A fábrica da Radici em Araçariguama, interior paulista, é usuária recorrente de talcos e caulins calcinados engenheirados para compostos de PA, destinados em especial à injeção de peças técnicas para autos e itens elétricos tipo espelhos, tomadas, conectores e botoeiras. “ As aplicações desses funcionais aditivos minerais são as mesmas, variando basicamente nas dosagens e o desempenho mecânico”, insere Belomi. No arremate. ele distingue o consumo pela operação brasileira da Radici do caulim calcinado (silicato de alumínio) Polarite 102 A e da wollastonita (silicato de cálcio) tratada superficialmente e ofertada com a marca Wollastocoat M15 10992. E. “Além disso, trabalhamos oportunidades na Radici com desenvolvimentos de produção local, como o caulim engenheirado Itasil 2115 B e o talco Itatalc 635 A”, ele completa.

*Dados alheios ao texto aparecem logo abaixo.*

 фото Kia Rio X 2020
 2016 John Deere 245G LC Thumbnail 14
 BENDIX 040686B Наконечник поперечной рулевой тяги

Por trás do suporte prestado à Radici pela Imerys, esclarece Belomi, opera no Brasil um aparato a cargo de 11 unidades de negócio credenciadas pela ISO 9001 e com laboratórios de controle de qualidade; um centro de distribuição (para clientes diretos de produtos importados) e dois agentes autorizados. A cereja do bolo é o novo laboratório de ciência e tecnologia em Mogi das Cruzes, no interior paulista e atuante na América do Sul. “Seus recursos abreviam a resposta de análises poliméricas e instrumentos como reômetro de toque viabilizam a realização com agilidade de estudos antes repassados ao centro de tecnologia da Imerys nos EUA”, finaliza Belomi.